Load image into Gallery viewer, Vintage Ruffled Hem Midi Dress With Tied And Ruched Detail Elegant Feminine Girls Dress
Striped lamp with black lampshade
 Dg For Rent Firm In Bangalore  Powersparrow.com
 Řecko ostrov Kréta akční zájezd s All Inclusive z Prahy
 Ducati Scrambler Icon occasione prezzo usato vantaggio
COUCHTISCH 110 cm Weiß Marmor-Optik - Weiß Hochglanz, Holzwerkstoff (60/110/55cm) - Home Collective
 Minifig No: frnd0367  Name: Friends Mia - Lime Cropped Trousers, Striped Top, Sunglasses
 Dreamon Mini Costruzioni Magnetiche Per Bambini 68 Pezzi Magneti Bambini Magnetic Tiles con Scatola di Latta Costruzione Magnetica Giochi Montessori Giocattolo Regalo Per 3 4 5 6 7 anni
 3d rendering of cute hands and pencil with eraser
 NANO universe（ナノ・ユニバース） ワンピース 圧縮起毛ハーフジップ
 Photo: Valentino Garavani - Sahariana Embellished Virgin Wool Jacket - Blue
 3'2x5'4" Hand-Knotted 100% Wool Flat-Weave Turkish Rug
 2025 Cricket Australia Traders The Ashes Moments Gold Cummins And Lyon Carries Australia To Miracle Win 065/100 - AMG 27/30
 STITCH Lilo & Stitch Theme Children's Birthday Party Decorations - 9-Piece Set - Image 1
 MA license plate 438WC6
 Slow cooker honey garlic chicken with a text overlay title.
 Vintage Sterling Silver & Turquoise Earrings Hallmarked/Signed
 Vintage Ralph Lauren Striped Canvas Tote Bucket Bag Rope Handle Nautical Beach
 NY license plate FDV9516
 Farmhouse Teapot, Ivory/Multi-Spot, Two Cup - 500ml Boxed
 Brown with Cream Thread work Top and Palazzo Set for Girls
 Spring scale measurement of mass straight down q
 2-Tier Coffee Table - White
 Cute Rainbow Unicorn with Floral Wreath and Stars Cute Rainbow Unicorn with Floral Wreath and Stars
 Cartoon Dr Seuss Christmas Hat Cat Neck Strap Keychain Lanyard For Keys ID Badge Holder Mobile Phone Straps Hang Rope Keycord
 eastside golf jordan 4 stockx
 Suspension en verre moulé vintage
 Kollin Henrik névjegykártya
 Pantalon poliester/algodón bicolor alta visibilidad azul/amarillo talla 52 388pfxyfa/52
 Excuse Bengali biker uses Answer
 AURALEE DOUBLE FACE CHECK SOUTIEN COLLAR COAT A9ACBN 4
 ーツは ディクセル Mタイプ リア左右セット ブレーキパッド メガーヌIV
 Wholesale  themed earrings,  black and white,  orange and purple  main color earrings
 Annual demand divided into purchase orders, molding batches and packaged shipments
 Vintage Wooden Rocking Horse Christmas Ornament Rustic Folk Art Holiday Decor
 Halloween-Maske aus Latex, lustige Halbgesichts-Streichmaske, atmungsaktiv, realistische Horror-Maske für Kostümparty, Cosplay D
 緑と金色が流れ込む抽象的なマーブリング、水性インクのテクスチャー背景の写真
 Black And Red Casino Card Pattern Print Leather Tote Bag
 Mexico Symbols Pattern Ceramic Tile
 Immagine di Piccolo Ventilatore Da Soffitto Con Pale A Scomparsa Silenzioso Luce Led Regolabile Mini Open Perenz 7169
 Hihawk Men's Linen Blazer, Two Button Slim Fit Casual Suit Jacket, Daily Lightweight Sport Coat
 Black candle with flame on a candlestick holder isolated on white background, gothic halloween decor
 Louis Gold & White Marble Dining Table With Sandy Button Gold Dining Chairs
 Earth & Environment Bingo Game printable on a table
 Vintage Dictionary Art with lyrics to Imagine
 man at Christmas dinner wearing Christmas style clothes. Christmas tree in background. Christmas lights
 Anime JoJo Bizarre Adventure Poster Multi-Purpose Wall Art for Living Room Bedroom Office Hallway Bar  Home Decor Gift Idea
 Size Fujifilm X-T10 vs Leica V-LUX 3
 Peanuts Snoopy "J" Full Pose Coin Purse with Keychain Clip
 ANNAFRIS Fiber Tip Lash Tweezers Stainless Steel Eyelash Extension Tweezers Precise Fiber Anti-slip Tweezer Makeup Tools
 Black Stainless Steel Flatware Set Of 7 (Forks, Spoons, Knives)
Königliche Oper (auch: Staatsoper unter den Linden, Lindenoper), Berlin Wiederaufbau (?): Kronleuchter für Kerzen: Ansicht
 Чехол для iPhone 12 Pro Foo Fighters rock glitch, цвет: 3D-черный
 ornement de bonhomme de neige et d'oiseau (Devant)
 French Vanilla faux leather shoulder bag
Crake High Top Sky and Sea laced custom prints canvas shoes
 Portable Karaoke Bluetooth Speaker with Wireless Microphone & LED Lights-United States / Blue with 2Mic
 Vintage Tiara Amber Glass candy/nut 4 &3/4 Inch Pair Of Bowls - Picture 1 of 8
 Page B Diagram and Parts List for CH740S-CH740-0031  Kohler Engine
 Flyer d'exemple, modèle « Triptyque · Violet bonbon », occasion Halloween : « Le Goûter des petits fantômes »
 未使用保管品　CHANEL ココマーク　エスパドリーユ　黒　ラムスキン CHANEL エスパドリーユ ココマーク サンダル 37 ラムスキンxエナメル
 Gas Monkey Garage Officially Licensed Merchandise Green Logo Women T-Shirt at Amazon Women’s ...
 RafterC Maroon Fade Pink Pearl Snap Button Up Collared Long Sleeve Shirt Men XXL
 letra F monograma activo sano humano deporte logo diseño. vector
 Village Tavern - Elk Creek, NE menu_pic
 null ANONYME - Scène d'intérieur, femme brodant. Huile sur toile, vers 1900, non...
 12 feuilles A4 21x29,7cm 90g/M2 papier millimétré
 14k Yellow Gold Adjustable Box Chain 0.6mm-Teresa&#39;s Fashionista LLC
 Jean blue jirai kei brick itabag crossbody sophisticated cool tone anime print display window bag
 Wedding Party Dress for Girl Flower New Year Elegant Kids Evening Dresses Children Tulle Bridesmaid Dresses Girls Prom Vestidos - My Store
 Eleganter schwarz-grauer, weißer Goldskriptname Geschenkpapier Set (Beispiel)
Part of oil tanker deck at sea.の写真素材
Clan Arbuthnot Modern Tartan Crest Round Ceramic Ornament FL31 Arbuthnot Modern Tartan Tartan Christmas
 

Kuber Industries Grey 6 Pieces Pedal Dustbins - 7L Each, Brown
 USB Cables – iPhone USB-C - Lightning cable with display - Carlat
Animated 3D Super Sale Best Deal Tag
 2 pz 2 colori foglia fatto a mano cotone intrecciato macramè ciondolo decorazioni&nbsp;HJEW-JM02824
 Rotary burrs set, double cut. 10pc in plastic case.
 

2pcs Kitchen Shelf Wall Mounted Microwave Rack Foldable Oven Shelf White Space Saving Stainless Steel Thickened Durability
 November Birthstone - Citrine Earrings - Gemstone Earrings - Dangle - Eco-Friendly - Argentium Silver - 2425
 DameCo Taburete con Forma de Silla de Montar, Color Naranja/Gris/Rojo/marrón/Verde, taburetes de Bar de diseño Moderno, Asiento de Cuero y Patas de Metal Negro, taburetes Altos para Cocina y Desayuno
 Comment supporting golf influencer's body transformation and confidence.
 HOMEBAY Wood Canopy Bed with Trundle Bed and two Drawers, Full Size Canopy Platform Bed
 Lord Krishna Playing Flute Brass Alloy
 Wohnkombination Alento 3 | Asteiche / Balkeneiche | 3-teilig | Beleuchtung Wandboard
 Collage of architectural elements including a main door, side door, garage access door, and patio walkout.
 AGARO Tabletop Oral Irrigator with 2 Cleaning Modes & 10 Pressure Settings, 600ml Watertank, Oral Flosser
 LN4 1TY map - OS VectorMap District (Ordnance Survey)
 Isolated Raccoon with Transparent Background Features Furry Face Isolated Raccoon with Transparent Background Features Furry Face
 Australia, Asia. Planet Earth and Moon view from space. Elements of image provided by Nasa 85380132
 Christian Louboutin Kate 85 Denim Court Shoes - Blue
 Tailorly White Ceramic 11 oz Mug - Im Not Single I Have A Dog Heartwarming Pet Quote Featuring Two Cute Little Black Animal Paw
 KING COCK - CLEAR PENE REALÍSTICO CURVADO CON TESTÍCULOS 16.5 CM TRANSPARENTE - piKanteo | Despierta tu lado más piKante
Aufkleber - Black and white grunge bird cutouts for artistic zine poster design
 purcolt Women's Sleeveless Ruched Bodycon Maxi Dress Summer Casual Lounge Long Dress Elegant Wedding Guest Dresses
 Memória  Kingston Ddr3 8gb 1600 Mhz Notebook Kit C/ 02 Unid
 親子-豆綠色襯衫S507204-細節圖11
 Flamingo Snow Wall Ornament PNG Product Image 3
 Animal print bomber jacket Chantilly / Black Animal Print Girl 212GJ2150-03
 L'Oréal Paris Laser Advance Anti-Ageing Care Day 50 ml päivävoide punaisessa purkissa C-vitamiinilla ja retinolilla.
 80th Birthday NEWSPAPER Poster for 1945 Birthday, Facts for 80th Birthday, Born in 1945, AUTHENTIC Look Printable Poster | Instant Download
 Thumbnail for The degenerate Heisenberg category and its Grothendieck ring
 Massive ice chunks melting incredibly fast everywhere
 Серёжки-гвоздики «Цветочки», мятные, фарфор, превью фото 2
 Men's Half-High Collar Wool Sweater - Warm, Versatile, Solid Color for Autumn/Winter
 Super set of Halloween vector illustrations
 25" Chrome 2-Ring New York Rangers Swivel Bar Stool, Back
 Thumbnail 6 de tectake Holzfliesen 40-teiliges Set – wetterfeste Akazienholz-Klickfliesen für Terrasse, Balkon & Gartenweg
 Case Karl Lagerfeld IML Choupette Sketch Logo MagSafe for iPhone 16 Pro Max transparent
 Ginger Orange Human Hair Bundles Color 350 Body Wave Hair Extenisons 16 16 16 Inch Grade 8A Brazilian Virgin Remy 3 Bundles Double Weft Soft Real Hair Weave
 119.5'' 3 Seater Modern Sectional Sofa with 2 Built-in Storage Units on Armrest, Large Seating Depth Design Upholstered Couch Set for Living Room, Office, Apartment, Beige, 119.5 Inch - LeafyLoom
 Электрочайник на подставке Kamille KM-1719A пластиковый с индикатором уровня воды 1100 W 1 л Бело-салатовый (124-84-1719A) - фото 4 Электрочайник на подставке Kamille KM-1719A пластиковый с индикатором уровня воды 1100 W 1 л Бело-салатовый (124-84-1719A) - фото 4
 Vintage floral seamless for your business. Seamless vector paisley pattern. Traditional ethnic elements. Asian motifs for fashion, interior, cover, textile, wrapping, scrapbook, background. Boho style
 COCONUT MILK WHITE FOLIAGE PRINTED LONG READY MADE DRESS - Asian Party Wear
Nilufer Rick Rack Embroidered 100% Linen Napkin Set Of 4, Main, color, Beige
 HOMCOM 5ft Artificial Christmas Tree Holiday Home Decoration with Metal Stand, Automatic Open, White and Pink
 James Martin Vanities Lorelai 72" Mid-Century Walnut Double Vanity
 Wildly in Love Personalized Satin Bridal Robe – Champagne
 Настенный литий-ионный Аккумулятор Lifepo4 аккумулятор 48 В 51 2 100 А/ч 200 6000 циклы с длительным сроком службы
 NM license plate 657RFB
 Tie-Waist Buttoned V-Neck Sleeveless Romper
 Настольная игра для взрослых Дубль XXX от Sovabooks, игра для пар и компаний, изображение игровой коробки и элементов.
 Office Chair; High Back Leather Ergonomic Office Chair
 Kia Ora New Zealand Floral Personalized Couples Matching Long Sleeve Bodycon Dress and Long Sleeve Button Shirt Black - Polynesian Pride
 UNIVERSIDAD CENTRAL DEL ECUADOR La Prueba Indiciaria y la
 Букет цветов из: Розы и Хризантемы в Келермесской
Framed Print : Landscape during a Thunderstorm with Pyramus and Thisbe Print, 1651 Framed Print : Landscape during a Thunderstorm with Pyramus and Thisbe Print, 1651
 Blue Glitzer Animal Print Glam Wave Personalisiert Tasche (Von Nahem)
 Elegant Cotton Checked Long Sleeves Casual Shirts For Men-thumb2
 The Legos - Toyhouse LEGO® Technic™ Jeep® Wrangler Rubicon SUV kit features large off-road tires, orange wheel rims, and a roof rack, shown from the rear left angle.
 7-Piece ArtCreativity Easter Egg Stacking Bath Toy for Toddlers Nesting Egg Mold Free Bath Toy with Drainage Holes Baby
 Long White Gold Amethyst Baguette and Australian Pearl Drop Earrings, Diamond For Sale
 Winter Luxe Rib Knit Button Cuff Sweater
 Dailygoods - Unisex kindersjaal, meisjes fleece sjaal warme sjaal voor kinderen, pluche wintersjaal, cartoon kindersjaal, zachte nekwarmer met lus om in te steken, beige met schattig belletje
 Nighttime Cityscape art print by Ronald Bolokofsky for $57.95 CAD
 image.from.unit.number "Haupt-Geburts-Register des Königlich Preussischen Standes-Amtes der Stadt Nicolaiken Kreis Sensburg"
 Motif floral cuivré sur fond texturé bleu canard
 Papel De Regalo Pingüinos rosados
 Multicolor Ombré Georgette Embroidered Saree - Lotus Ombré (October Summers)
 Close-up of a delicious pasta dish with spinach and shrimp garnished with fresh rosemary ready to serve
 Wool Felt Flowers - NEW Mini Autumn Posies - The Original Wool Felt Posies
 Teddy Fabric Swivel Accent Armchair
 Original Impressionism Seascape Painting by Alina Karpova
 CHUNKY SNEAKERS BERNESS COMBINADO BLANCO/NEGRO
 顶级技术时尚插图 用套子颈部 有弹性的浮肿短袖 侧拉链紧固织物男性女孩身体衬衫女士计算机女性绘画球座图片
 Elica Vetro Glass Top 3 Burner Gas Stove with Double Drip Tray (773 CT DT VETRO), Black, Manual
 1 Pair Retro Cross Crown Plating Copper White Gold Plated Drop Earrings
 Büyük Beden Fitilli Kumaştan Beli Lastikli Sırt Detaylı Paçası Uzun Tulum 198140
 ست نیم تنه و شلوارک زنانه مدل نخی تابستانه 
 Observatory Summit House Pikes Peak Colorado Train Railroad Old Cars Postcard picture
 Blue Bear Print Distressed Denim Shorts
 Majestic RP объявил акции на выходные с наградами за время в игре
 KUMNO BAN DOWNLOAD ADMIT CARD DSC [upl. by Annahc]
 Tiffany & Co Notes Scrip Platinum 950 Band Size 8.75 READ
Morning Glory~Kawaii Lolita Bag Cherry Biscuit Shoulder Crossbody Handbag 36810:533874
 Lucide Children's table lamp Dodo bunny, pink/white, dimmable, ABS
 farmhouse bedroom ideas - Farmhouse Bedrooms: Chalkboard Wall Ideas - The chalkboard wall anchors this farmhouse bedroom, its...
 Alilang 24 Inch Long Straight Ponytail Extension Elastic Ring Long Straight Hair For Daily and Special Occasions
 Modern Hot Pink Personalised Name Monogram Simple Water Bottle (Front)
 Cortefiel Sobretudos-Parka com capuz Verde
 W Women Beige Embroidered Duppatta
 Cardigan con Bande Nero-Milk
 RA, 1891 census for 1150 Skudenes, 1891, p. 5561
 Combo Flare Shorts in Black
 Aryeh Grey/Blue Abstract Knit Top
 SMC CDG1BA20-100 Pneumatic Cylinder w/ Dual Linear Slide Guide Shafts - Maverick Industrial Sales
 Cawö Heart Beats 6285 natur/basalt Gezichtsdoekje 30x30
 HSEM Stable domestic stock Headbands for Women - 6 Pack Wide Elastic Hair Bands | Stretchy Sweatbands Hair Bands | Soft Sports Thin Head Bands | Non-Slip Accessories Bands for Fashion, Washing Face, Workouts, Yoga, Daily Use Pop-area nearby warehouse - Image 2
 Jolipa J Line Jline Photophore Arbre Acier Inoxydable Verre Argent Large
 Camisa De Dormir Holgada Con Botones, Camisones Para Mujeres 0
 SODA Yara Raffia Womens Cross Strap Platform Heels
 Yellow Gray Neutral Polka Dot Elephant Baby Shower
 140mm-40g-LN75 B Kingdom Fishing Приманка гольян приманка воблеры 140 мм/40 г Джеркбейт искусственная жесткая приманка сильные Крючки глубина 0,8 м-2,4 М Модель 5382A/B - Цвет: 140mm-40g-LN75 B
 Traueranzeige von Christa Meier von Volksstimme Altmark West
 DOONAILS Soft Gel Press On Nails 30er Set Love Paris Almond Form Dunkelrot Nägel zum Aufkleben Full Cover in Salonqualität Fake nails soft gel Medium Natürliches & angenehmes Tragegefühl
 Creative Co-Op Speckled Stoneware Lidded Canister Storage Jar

◆ What the exercise asks
Using the listing above, return all lines where the word "Pair" occurs.

◆ Reply to the exercise
 Vintage Tiara Amber Glass candy/nut 4 &3/4 Inch Pair Of Bowls - Picture 1 of 8
 1 Pair Retro Cross Crown Plating Copper White Gold Plated Drop Earrings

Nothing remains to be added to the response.